Data excerpts
____

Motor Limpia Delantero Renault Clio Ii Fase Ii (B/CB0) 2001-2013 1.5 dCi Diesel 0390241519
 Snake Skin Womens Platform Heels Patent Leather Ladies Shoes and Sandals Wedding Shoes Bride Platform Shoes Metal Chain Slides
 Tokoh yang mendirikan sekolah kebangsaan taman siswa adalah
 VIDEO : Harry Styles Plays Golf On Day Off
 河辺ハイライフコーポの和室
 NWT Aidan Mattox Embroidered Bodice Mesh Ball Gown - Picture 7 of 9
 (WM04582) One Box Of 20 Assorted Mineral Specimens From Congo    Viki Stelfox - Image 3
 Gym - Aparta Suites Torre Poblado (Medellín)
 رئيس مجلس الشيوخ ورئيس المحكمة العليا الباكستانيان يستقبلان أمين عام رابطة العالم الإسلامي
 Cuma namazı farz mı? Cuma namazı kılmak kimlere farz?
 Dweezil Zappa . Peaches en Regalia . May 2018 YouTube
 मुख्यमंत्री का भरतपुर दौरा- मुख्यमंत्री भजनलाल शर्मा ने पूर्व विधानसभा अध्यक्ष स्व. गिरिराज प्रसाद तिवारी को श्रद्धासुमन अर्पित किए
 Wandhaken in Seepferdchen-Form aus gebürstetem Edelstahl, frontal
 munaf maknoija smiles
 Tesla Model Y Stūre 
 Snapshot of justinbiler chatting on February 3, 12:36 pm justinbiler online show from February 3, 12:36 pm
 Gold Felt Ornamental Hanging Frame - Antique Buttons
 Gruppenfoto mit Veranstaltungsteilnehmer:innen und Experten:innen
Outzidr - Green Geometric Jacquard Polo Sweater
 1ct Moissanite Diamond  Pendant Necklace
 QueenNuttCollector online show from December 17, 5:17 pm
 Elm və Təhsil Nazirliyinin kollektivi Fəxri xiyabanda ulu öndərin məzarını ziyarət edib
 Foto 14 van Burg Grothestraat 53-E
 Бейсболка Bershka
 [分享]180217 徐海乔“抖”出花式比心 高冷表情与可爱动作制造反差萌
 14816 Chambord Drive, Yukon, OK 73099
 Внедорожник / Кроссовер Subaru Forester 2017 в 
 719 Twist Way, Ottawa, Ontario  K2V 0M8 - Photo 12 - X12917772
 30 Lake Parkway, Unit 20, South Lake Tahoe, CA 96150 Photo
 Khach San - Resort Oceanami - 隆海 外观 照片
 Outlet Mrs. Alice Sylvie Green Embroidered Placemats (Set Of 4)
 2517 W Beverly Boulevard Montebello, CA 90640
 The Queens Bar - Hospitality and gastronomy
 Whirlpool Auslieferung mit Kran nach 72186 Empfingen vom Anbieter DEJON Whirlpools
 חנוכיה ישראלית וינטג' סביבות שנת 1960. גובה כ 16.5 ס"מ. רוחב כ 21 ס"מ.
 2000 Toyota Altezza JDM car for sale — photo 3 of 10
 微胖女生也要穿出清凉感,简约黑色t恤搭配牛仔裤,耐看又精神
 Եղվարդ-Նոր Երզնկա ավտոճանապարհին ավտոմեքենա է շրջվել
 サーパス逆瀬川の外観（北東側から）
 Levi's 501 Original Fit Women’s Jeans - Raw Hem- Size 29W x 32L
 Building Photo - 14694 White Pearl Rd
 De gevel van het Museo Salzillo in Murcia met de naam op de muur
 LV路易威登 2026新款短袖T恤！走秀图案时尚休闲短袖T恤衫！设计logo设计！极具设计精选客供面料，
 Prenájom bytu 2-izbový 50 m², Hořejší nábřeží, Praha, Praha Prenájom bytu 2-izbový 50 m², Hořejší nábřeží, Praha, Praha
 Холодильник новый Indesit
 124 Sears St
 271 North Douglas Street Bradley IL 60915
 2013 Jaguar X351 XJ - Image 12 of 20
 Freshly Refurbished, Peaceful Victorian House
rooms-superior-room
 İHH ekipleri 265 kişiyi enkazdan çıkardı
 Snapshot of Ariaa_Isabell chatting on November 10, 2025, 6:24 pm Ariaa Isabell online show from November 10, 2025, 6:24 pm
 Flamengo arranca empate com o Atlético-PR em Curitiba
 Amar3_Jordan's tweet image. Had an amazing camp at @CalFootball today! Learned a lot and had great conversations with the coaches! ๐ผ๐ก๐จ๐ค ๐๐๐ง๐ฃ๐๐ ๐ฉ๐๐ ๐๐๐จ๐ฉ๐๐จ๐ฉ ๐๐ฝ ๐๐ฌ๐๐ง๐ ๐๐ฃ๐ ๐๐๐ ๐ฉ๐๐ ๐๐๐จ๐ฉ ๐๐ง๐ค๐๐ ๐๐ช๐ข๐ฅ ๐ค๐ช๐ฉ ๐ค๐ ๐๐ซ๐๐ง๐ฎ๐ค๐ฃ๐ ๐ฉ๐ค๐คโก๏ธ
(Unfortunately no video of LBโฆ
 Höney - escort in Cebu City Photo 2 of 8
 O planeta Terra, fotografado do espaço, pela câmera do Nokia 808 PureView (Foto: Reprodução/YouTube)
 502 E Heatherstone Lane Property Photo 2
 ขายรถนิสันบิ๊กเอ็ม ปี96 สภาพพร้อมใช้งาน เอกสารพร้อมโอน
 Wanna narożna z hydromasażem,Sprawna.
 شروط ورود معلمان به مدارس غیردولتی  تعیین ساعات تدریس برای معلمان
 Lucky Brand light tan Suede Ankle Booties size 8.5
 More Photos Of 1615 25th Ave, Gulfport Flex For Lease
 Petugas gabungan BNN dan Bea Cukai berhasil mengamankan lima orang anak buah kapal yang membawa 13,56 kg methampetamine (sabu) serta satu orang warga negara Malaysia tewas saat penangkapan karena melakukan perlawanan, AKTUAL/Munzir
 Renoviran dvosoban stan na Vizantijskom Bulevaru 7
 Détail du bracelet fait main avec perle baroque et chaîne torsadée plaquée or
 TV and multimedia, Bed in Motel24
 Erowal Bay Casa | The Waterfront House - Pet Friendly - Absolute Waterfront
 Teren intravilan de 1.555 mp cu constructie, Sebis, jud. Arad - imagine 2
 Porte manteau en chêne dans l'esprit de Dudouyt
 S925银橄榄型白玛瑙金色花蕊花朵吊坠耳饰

____

Required work:
Here the job is to transcribe the lines from the first line of the data through the line containing "मुख्यमंत्री का भरतपुर", inclusive, exactly and with nothing else.

Response box:
Motor Limpia Delantero Renault Clio Ii Fase Ii (B/CB0) 2001-2013 1.5 dCi Diesel 0390241519
 Snake Skin Womens Platform Heels Patent Leather Ladies Shoes and Sandals Wedding Shoes Bride Platform Shoes Metal Chain Slides
 Tokoh yang mendirikan sekolah kebangsaan taman siswa adalah
 VIDEO : Harry Styles Plays Golf On Day Off
 河辺ハイライフコーポの和室
 NWT Aidan Mattox Embroidered Bodice Mesh Ball Gown - Picture 7 of 9
 (WM04582) One Box Of 20 Assorted Mineral Specimens From Congo    Viki Stelfox - Image 3
 Gym - Aparta Suites Torre Poblado (Medellín)
 رئيس مجلس الشيوخ ورئيس المحكمة العليا الباكستانيان يستقبلان أمين عام رابطة العالم الإسلامي
 Cuma namazı farz mı? Cuma namazı kılmak kimlere farz?
 Dweezil Zappa . Peaches en Regalia . May 2018 YouTube
 मुख्यमंत्री का भरतपुर दौरा- मुख्यमंत्री भजनलाल शर्मा ने पूर्व विधानसभा अध्यक्ष स्व. गिरिराज प्रसाद तिवारी को श्रद्धासुमन अर्पित किए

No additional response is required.